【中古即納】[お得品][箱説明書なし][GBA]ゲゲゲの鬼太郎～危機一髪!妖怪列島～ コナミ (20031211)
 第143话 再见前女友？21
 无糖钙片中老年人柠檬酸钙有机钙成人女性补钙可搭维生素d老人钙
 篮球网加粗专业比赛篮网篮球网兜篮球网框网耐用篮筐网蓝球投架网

^^^^^^^^

Work order:
Copy every line of the material exactly, keeping all of it.

Result of the exercise:
【中古即納】[お得品][箱説明書なし][GBA]ゲゲゲの鬼太郎～危機一髪!妖怪列島～ コナミ (20031211)
 第143话 再见前女友？21
 无糖钙片中老年人柠檬酸钙有机钙成人女性补钙可搭维生素d老人钙
 篮球网加粗专业比赛篮网篮球网兜篮球网框网耐用篮筐网蓝球投架网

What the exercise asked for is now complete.